INSTRUCTIONS FOR THE TASK.
The output should contain the listing word for word and no pictures.

Segment Start: STORED DATA

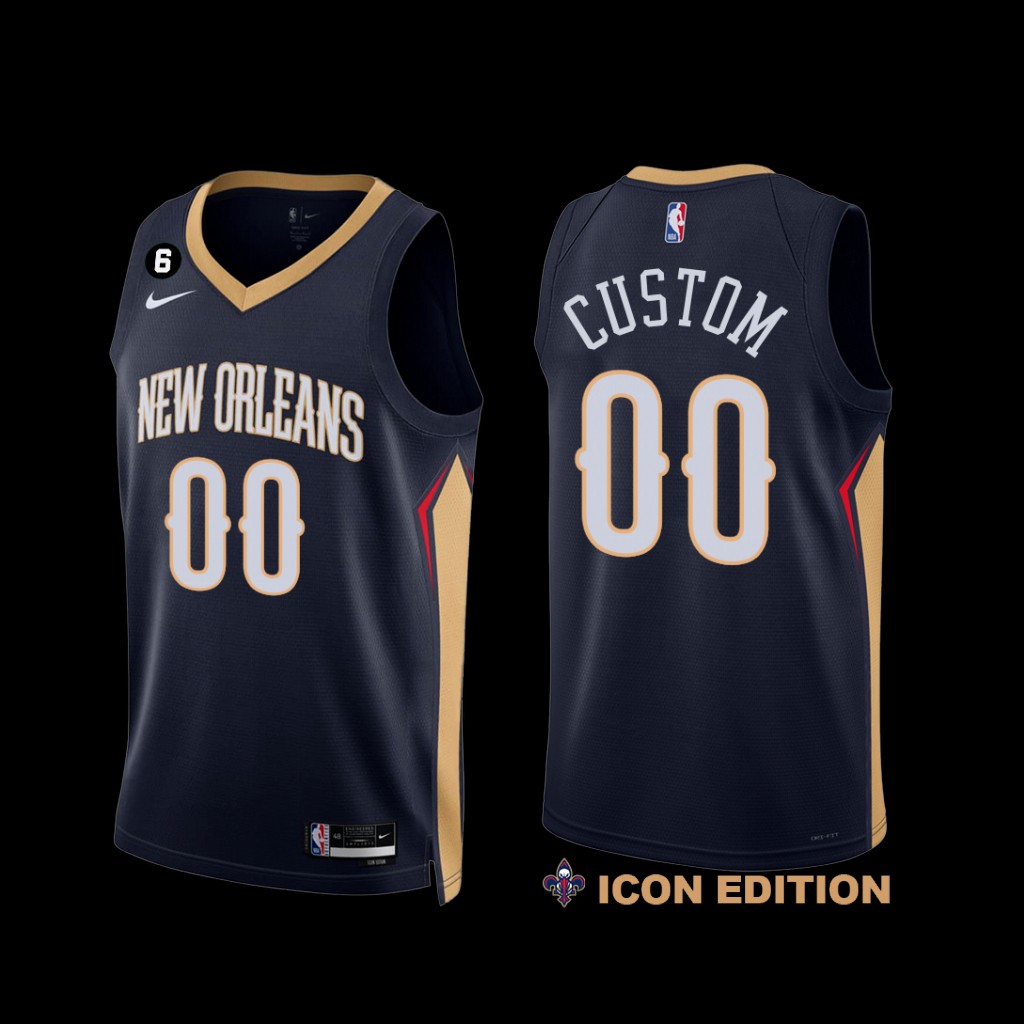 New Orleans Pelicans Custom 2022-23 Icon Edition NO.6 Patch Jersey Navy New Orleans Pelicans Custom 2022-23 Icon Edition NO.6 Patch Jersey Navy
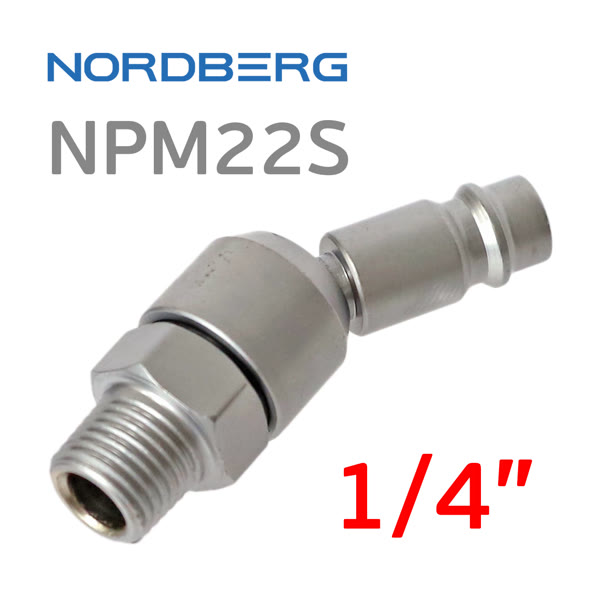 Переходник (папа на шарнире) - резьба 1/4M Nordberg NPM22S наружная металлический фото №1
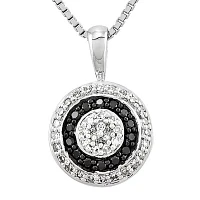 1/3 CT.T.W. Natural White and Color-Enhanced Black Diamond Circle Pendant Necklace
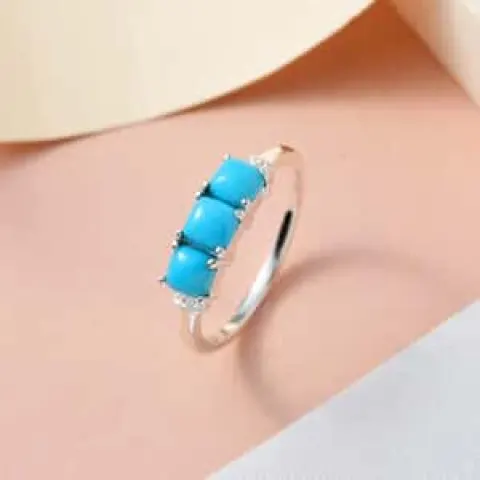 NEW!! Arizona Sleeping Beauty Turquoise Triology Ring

Segment End: STORED DATA

COMPLETED EXERCISE.
 New Orleans Pelicans Custom 2022-23 Icon Edition NO.6 Patch Jersey Navy New Orleans Pelicans Custom 2022-23 Icon Edition NO.6 Patch Jersey Navy
 Переходник (папа на шарнире) - резьба 1/4M Nordberg NPM22S наружная металлический фото №1
 1/3 CT.T.W. Natural White and Color-Enhanced Black Diamond Circle Pendant Necklace
 NEW!! Arizona Sleeping Beauty Turquoise Triology Ring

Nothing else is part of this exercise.